_ASSIGNMENT_. Go to the line with "Tanah Komersial Dijual di Bandung Kulon Bandung 153m2 Tanah" in the records below, then output it and each following line exactly, up to and including the line with "Miramar Luxury 3". Skip pictures and add nothing.

_SUPPLIED DATA_.

★ ★ ★ ★ ★ ★ ★

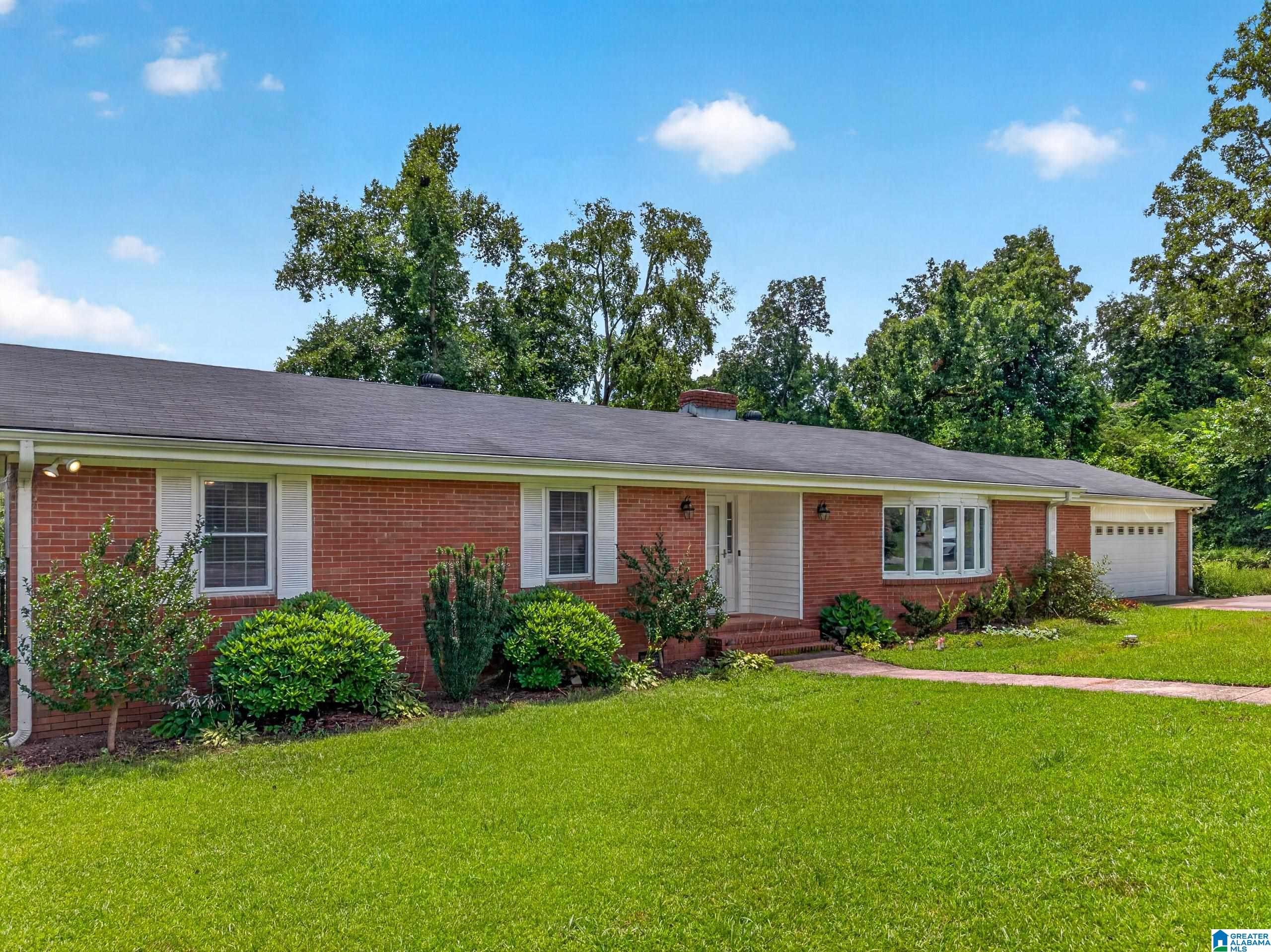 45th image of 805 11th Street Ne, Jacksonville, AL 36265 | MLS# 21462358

★ ★ ★ ★ ★ ★ ★

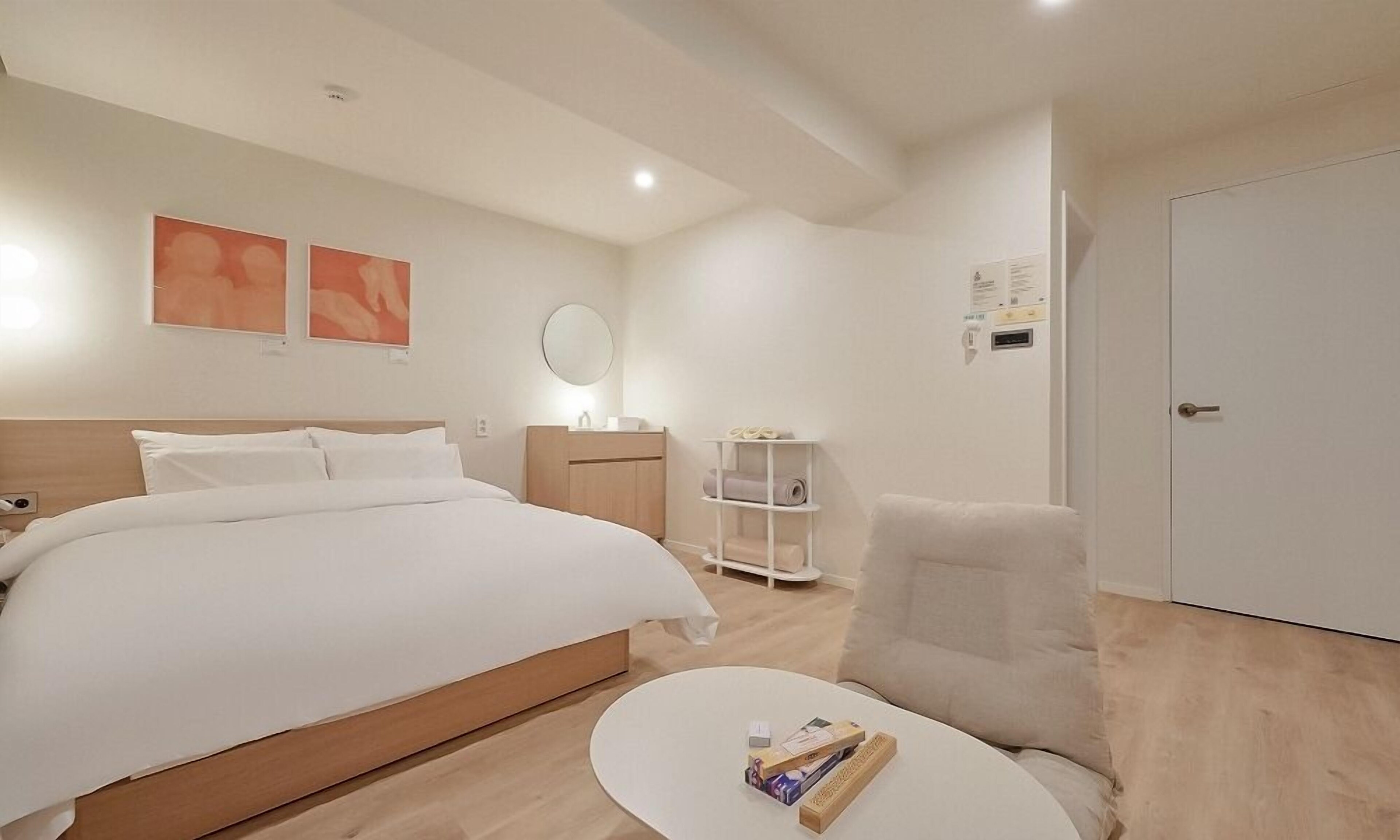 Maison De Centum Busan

★ ★ ★ ★ ★ ★ ★

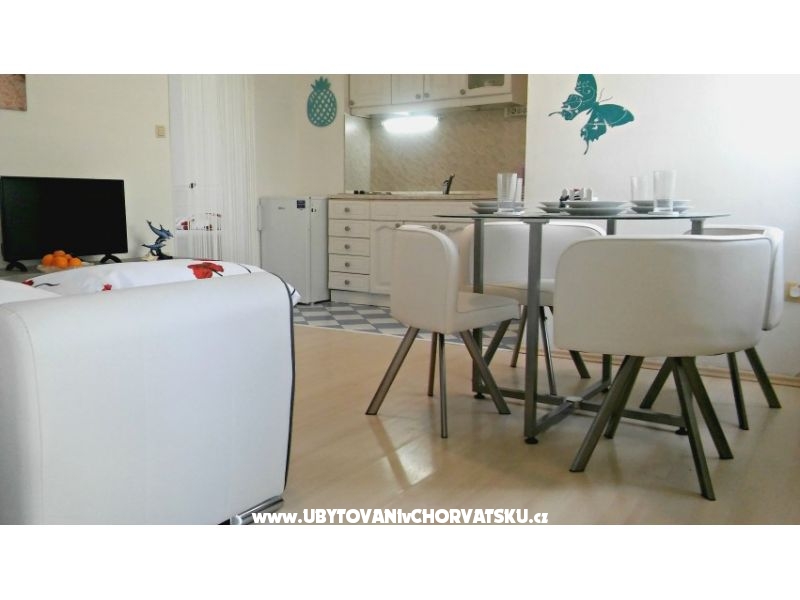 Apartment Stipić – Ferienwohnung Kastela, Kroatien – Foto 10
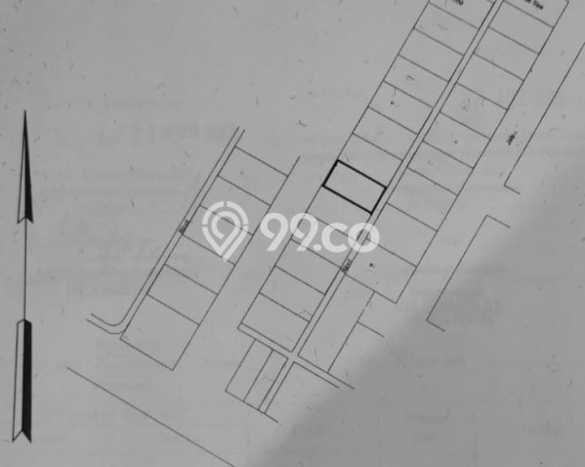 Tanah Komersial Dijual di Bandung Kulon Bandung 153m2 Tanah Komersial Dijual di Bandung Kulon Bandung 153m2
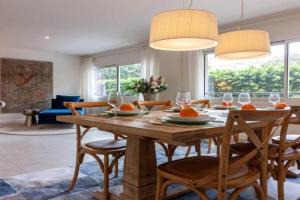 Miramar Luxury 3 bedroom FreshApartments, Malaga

★ ★ ★ ★ ★ ★ ★

_YOUR RESPONSE_.
 Tanah Komersial Dijual di Bandung Kulon Bandung 153m2 Tanah Komersial Dijual di Bandung Kulon Bandung 153m2
 Miramar Luxury 3 bedroom FreshApartments, Malaga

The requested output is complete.